== Instructions to follow ==
Say how many lines in the material below include "Beautiful". The answer is the number alone.

== Dataset content ==
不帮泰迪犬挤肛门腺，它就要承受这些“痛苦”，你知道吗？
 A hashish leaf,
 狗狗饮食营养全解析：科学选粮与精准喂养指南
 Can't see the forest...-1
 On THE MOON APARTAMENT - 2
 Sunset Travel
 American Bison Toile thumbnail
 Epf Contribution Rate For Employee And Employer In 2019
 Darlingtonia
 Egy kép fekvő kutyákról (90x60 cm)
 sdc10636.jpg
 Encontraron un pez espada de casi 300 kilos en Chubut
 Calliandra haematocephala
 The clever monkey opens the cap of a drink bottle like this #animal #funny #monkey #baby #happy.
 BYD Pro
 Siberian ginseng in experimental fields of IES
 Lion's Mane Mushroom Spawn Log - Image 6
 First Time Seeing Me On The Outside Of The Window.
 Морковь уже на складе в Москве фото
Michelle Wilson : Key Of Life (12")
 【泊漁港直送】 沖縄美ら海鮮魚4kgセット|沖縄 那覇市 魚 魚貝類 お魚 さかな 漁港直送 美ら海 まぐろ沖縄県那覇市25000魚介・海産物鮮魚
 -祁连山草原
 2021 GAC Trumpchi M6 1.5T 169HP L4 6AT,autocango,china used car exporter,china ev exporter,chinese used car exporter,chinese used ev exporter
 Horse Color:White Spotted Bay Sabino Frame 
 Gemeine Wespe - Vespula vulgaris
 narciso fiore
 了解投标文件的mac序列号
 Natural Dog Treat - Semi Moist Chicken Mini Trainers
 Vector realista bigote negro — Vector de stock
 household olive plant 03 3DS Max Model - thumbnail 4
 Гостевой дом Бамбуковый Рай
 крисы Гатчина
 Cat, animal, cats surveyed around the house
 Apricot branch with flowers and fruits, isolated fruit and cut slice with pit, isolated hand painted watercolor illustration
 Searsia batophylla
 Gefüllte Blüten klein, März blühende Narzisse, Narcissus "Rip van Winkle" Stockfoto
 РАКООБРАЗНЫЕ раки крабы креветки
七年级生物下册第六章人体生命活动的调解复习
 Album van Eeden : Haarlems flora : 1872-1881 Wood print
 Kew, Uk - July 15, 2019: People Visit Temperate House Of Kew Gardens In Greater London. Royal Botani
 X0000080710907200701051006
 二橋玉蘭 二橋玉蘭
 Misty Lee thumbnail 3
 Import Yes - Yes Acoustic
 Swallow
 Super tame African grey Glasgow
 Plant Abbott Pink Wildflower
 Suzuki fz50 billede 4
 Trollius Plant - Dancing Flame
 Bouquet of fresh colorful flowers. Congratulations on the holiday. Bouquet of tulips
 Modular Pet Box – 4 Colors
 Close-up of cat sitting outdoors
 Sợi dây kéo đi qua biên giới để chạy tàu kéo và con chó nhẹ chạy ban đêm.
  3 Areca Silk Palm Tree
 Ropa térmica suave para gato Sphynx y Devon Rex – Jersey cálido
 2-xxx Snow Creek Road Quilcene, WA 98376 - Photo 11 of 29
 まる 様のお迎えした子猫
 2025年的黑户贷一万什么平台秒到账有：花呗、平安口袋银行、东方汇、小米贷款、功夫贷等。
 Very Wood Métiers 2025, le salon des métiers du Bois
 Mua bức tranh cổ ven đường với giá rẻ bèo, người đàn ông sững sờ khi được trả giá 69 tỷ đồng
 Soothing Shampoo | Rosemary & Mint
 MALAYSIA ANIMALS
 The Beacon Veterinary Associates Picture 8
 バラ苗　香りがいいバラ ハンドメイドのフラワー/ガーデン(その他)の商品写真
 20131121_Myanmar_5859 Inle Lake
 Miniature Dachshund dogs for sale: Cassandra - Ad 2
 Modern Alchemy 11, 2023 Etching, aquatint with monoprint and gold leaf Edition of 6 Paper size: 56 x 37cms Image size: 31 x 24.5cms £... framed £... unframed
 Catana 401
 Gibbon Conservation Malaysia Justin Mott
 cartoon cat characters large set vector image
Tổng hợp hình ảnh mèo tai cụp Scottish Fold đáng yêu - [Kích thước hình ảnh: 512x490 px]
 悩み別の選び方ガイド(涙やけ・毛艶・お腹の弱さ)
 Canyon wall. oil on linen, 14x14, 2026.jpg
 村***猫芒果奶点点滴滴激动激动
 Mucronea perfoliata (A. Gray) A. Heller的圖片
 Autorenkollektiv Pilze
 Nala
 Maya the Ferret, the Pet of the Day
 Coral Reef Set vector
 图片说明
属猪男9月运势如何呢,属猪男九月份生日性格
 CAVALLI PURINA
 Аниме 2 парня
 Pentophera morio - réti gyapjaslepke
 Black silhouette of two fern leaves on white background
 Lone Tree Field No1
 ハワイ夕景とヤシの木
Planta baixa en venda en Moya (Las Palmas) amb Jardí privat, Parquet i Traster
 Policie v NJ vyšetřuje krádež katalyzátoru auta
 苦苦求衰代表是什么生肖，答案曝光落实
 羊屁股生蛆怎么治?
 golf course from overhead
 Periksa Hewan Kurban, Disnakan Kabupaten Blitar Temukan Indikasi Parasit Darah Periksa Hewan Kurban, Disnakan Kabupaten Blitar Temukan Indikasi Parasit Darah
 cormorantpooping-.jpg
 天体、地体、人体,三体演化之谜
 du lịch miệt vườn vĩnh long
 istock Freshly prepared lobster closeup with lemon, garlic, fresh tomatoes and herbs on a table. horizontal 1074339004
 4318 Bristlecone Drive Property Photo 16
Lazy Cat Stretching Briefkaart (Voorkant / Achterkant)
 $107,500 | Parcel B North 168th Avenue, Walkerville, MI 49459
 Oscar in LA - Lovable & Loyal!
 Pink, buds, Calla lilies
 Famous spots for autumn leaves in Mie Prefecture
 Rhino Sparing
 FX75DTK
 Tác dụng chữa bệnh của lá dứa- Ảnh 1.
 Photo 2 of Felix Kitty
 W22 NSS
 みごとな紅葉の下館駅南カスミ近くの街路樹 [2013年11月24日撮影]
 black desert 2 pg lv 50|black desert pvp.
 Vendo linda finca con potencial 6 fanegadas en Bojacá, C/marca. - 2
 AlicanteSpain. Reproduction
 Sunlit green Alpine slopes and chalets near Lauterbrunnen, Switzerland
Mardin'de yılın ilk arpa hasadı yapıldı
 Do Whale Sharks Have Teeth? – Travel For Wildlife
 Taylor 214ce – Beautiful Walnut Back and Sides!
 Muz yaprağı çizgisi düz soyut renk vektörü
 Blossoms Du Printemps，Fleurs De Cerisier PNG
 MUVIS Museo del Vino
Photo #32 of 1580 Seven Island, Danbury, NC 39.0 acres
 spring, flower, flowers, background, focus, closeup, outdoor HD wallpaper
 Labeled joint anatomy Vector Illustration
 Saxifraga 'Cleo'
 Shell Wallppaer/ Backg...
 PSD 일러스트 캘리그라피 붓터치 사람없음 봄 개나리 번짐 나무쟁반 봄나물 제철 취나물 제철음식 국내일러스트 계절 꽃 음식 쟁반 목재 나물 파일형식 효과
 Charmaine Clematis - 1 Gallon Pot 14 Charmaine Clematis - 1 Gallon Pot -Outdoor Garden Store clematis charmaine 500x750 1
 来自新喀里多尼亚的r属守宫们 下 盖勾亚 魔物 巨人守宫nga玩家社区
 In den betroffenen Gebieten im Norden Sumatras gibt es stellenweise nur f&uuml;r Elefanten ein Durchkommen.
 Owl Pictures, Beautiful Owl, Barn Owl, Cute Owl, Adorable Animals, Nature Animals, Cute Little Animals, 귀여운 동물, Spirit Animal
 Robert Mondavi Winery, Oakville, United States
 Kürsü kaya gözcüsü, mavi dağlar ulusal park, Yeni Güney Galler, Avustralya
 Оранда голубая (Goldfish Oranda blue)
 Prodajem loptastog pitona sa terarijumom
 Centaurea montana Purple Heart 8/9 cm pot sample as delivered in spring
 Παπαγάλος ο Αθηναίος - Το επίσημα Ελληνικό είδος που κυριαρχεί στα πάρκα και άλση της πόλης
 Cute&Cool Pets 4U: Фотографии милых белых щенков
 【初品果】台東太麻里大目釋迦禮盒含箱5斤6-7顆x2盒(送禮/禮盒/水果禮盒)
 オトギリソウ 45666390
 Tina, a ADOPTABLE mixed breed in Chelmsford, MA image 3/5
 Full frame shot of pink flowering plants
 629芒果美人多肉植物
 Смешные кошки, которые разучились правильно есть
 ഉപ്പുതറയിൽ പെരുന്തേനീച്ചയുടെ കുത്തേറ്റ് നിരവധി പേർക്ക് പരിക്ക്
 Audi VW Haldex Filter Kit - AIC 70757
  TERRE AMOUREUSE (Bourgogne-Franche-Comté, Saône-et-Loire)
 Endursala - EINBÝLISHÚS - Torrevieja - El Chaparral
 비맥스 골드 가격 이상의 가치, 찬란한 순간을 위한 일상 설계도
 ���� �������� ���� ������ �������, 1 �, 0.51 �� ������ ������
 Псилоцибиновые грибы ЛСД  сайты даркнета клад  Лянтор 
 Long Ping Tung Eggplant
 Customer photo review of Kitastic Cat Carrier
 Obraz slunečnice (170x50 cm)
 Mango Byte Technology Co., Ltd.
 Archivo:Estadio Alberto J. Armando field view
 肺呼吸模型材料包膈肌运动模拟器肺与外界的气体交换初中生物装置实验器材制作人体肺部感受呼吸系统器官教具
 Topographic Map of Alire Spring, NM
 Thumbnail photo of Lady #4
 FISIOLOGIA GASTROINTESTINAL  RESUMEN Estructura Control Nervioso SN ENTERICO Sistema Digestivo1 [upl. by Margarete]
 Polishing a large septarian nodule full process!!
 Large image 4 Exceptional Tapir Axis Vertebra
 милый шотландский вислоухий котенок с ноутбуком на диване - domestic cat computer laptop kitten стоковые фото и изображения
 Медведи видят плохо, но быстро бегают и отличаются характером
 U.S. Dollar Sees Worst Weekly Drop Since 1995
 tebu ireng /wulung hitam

== Exercise answer ==
2